# Frigidaire water dispenser does not work



## waywestside (Feb 12, 2007)

Hi there,

Hoping to avoid a service call on what must be an easy fix. The water dispenser on my Frigidaire side-by-side (model number: FRS26RLECSO Year: 2004) suddenly stopped dispensing water. A quick visual inspection of the tubes (at the base and back of the unit) indicate no obvious problem. The ice dispenser works. When I remove the water filter cover inside the refridgerator and press the dispenser button, water shoots down so I know it's getting that far. Any clues at all? Thanks so much.


----------



## mscherer (Mar 9, 2007)

What was it? I have the exact same problem. Only had the thing for 10 days too...


----------



## waywestside (Feb 12, 2007)

I thawed the hoses behind the crispers in the fridge with a hairdryer and that brought the water back. But then I ended up calling a repairman because it stopped again. Problem was a broken fan in the back of the freezer. Wasn't pumping the air through the unit properly. Needed to be replaced. Cost $250.


----------



## girltech (Jan 4, 2008)

Sometime when the water dispenser stops working it is the inlet valve at the back of the fridge.

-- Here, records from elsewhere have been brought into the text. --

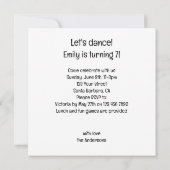 Invitation Dansons ! Danse de cheval magique en ballet, Cheva (Dos)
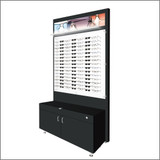 Lit Back Panels with Optional  Optical Cabinets - For DW-31-105 Panels.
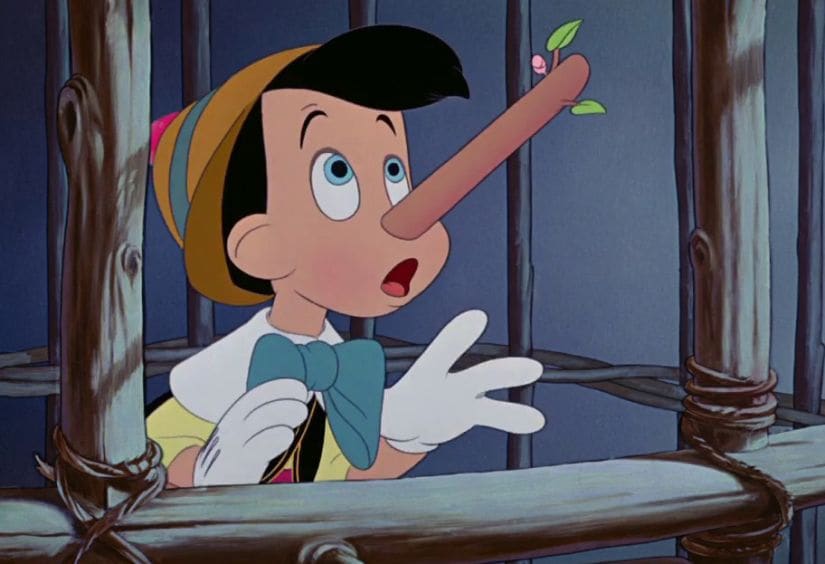 A still from DIsney's Pinocchio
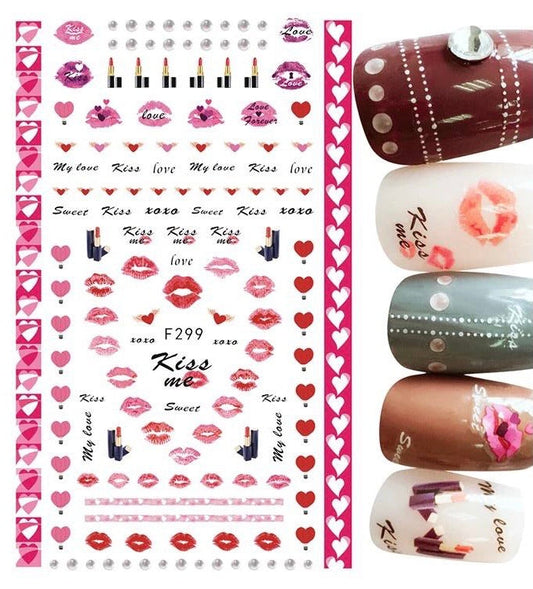 Nail Sticker Red Lip F299 Premier Nail Supply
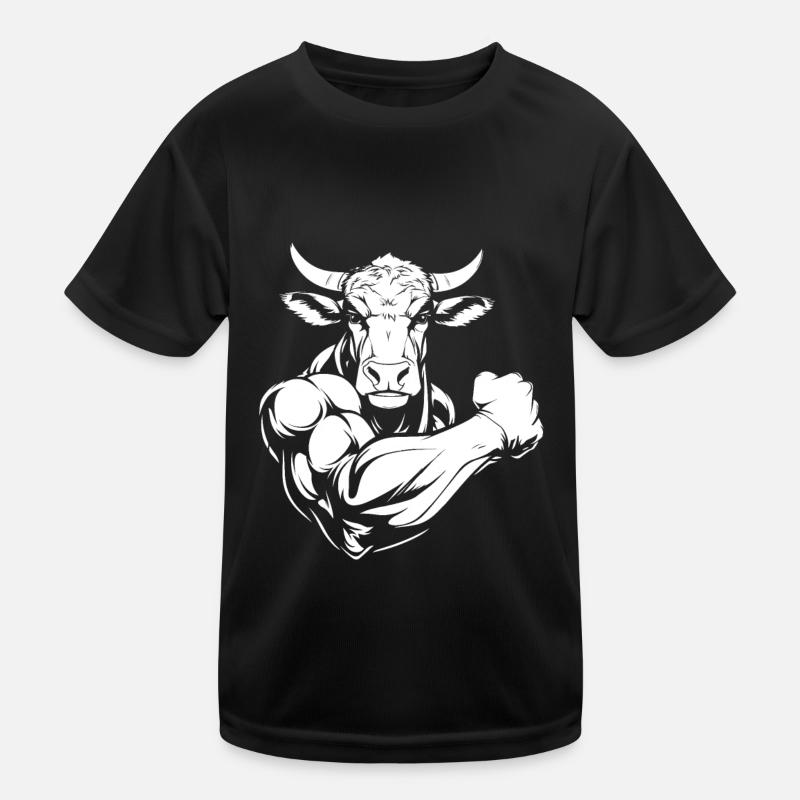 Vache de remise en forme T-shirt sport Enfant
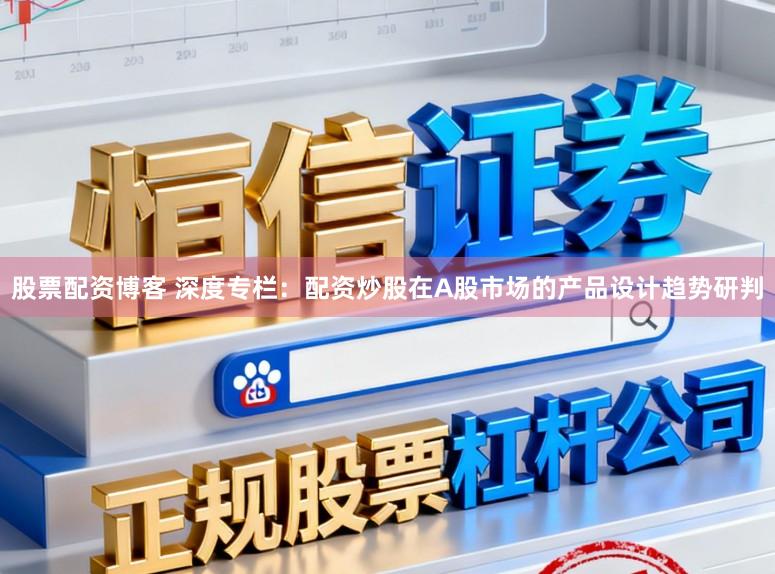 股票配资博客 深度专栏：配资炒股在A股市场的产品设计趋势研判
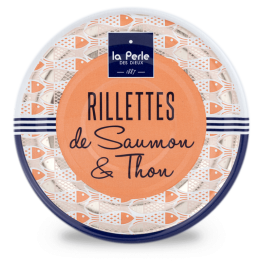 Rillettes de saumon et thon 24x80g Rillettes de saumon et thon 24x80g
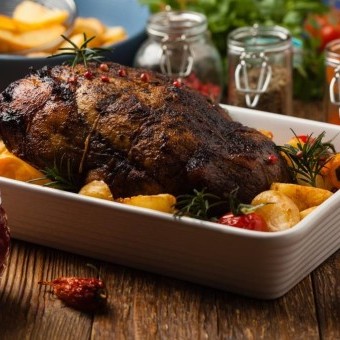 كتف الخروف المشوي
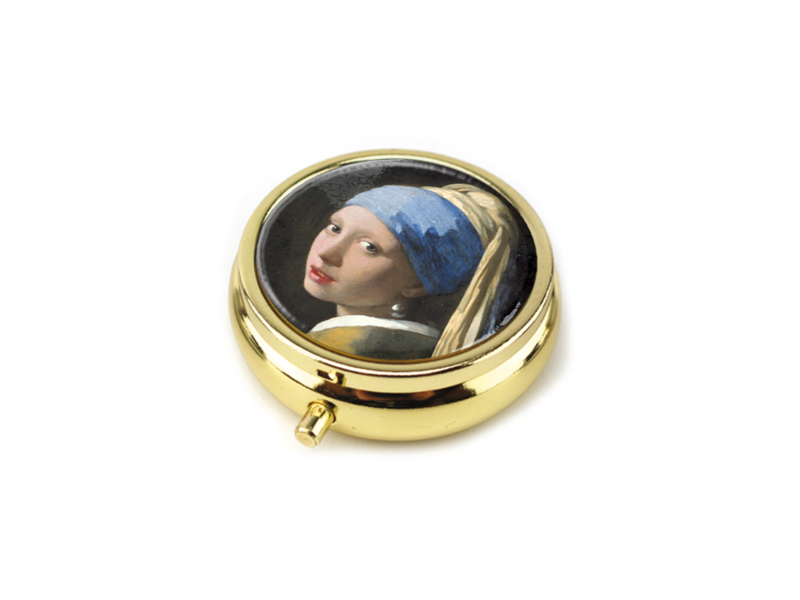 Boîte à pilules, Vermeer, Fille à la boucle d'oreille perle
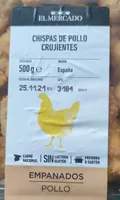 Chispas de pollo crujiente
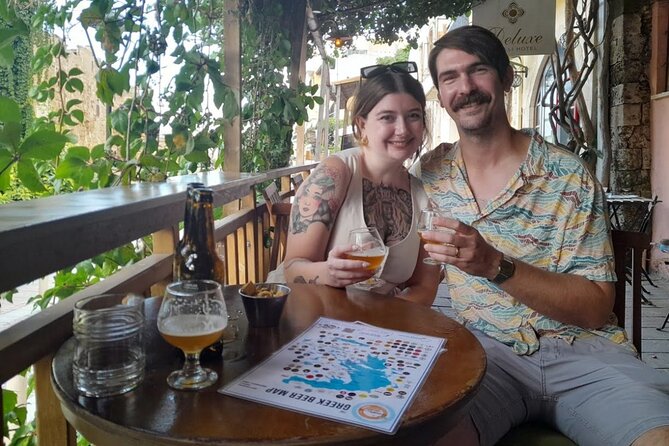 Cruise Ship Guest Beer & Food Tour - Chania Old Port - What five beer samples really means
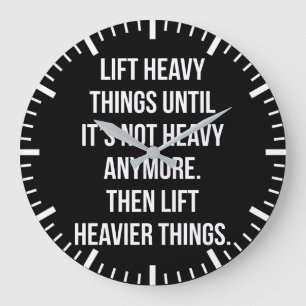 Hiss Heavy Sak - Novelty Funny Motivational Gym Stor Klocka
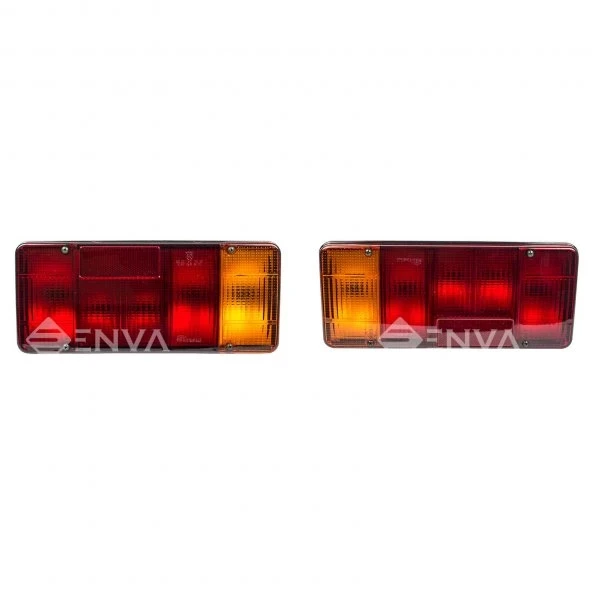 Enva Otomotiv FİAT DUCATO (PİKAP) KAMYONET SAĞ + SOL ARKA STOP LAMBASI TAKIMI 1994-2014 ürün görseli 1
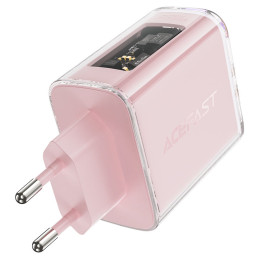 
GaN 65W tinklo įkroviklis 3 prievadai 1x USB 2x USB-C žalia
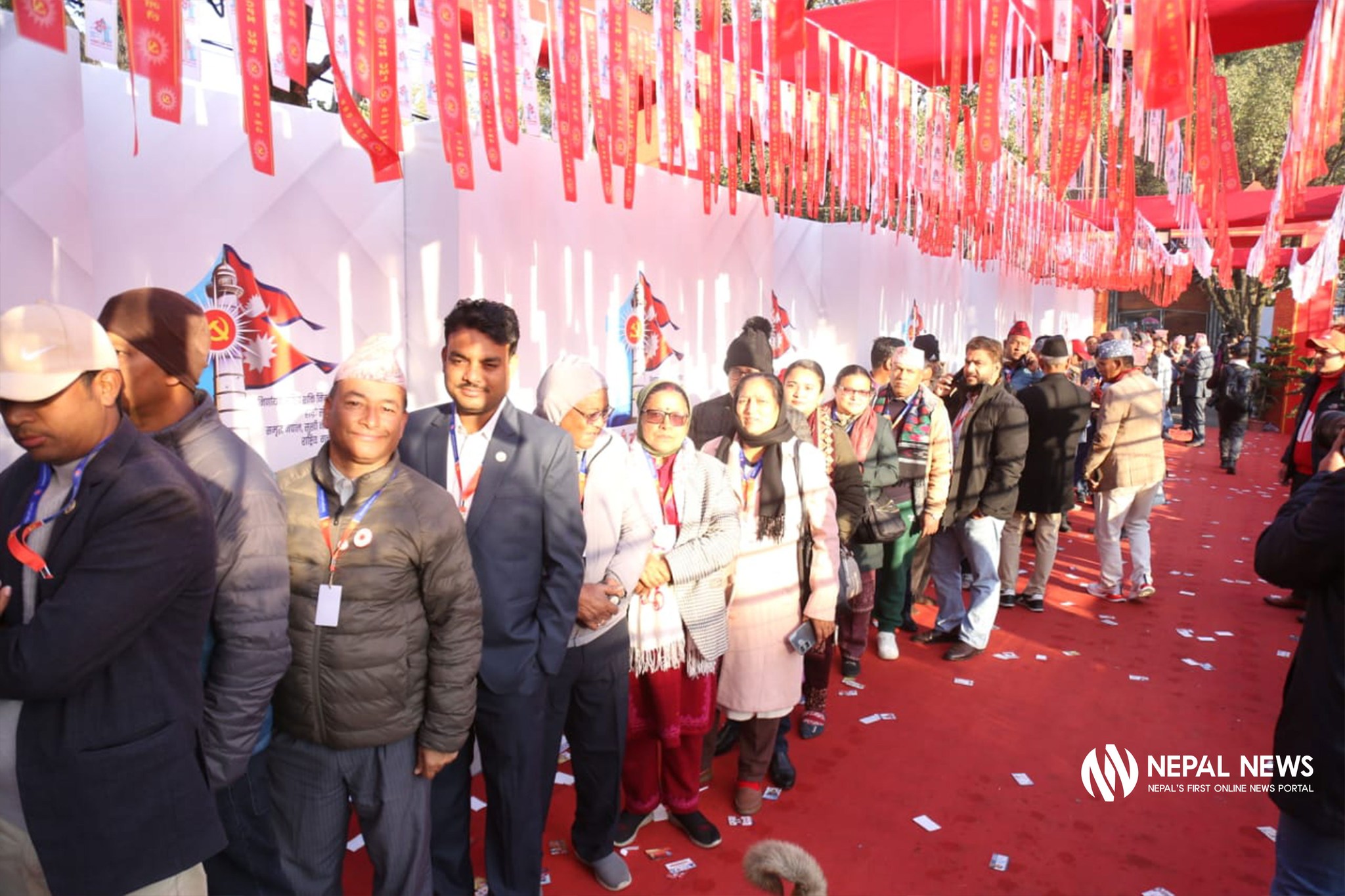 एमाले महाधिवेशनः मतदान जारी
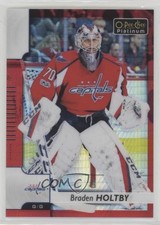 2017-18 O-Pee-Chee Platinum Red Prism 78/199 Braden Holtby #89 0e3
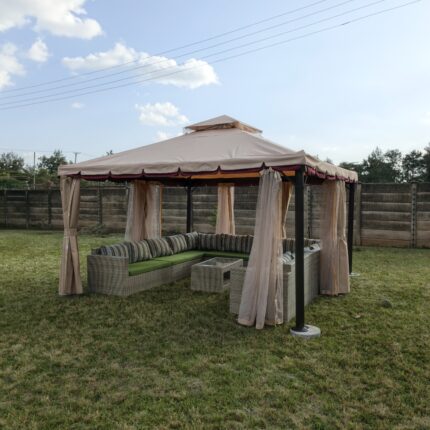 Outdoor Sofa and Gazebo Set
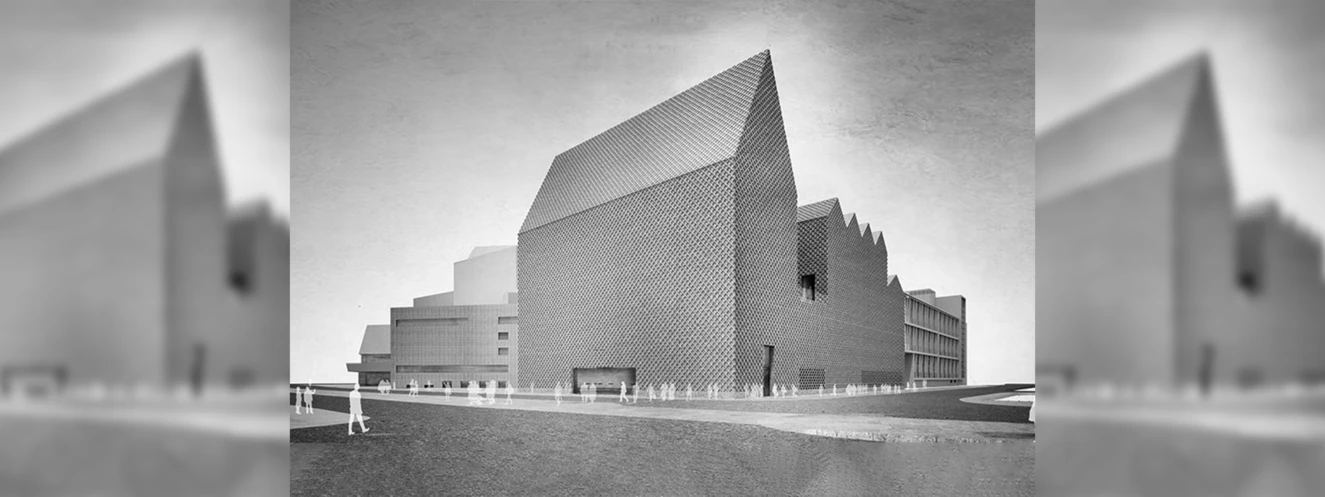 Anbau Theater Ulm — © Max Dudler Architekten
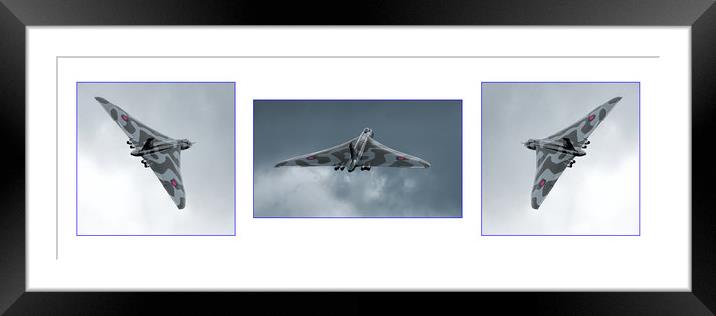 Vulcan XH558 Triptych  Framed Mounted Print by Philip Hodges aFIAP ,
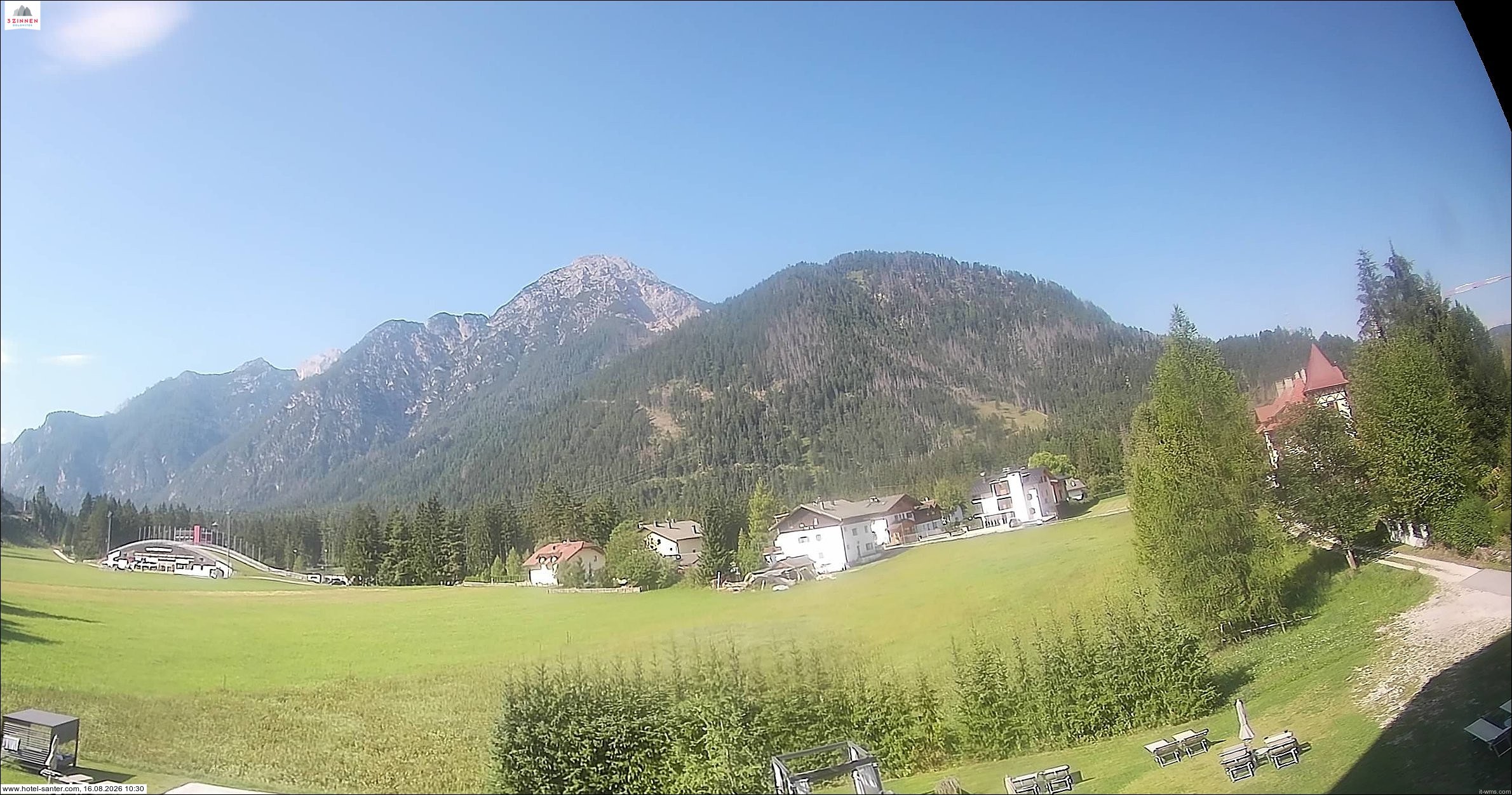 Archived image Webcam Hotel Santer in Toblach
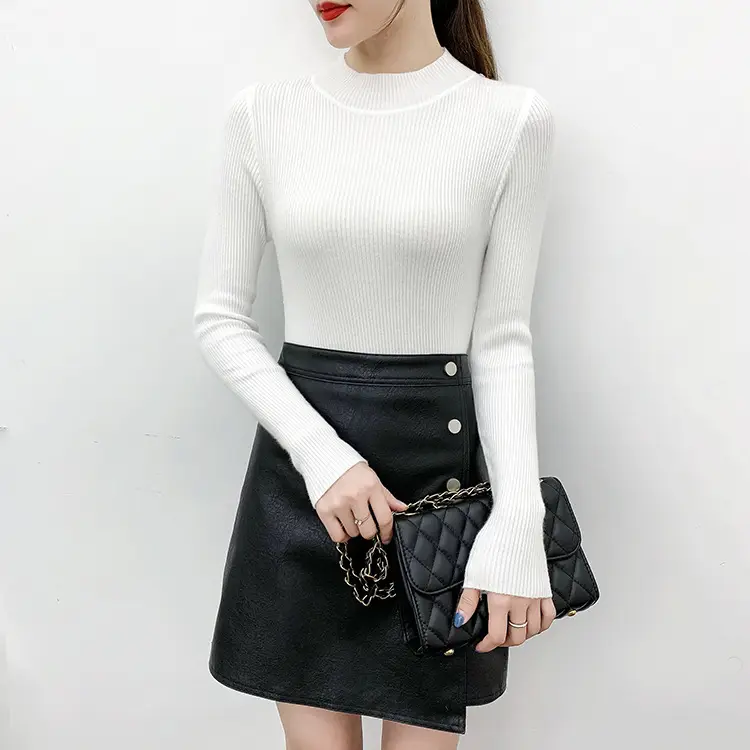 2025 Knit Half-Turtleneck Sweater Set for Women — feature 18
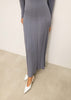 ERIKA dress with long sleeves, graphite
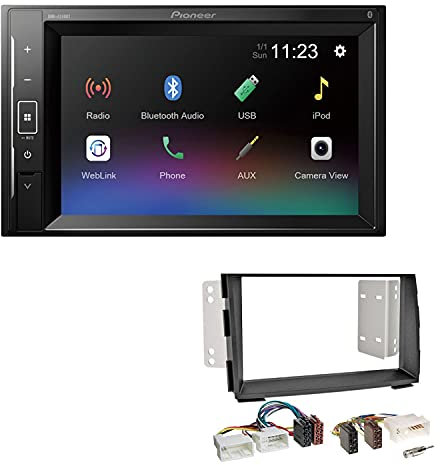 Pioneer DMH-A240BT 2-DIN Autoradio Bluetooth USB passend für KIA Venga ab 2009 schwarz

If you do need a part here is a good place to get Frigidaire parts.


----------



## snapper2k11 (Sep 27, 2011)

*Driving me crazy*

I have replaced the $130 control panel board, but the water dispenser / ice maker still behaves erratically. Makes a clicking sound, water comes out, then stops, then starts again. Sometimes it just works, but as time goes by, less so. 
I emptied the fridge , turned off power for 2 days , after that it worked smoothly for 1-2 hours before starting to mess up again. I made a youtube video to illustrate what exactly the problem is. 
http://www.youtube.com/watch?v=gVH6pMRbJKs
I am in a rural area , so its doubtful any one who can repair this would be close by. 
Any ideas!?


----------